Ensign told the court that he didn’t “know the answer to that question,” and requested some time to contact members of the administration to find out. The invocation of the Alien Enemies Act had been signed hours before, and during the 40-minute break granted to him by Boasberg the first two planes of migrants departed towards El Salvador.
But according to Reuveni’s complaint, Ensign was present at a meeting that took place the day before in which Bove informed high-ranking DOJ officials that “the AEA proclamation would soon be signed and that one or more planes containing individuals subject to the AEA would be taking off over the weekend — meaning Saturday, March 15 and Sunday, March 16.”
According to the complaint, Reuveni “reasonably believes Ensign’s statement to the court that he did not know whether AEA removals would take place ‘in the next 24 or 48 hours’ was false. Ensign had been present in the previous day’s meeting when Emil Bove stated clearly that one or more planes containing individuals subject to the AEA would be taking off over the weekend no matter what.”
The complaint suggests that Ensign’s actions in court may have been part of an open effort by the DOJ to obstruct the courts, alleging that during the same March 14 meeting, Bove discussed the possibility that “a court order would enjoin those removals before they could be effectuated,” and suggested that the “DOJ would need to consider telling the courts ‘fuck you’ and ignore any such court order.“
When it became clear that the planes had taken off, Boasberg issued a written order demanding that any further flights be canceled, and that the planes already in the air be turned around. Reuveni — monitoring the hearing through a public line — texted his supervisor, Deputy Director August Flentje, a reference to Bove’s “fuck you” comment, to which Flentje “acknowledged Bove’s comment with a joke referencing the possibility that either he or Mr. Reuveni could be fired, impliedly for reporting up their chain of command concerns that a court order had been violated.”
The resulting court battle over the removals and allegations of legal misconduct by the administration saw the president and his allies repeatedly flout court orders — including an order from the Supreme Court to facilitate the return of Abrego Garcia. Reuveni’s complaint alleges that he was told by both Flentje and Ensign that “the government was not going to answer the court’s questions about anything that happened before 7:26 p.m. on March 15, and so not to provide information about when the flights took off.”
In April, when Reuveni was assigned to represent the government in Abrego Garcia’s case he — as stated in his complaint — “candidly and truthfully informed the court, based on the evidentiary record, that Mr. Abrego Garcia’s removal from the United States was a mistake. Later that evening, Mr. Reuveni refused directions from his superiors to file a brief misrepresenting those facts to the court.”
Reuveni was put on administrative leave the next day, and fired within a week.
On Wednesday, Bove will face the Senate Judiciary Committee in a confirmation hearing discussing his nomination to serve as United State circuit judge of the Third Circuit Court of Appeals.

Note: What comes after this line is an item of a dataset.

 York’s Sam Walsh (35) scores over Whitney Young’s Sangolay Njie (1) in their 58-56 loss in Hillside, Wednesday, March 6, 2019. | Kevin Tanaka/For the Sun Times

Sen. Dick Durbin (D-Ill.), ranking Democrat on the committee, told the Times that the complaint against Bove not only speaks to his “failure to fulfill his ethical obligations as a lawyer, but demonstrate[s] that his activities are part of a broader pattern by President Trump and his allies to undermine the Justice Department’s commitment to the rule of law.”
Why would Republicans install a judge who has demonstrated a willingness to tell the courts to “fuck off” in favor of a president’s political goals, if not to help that president neuter the judiciary from within?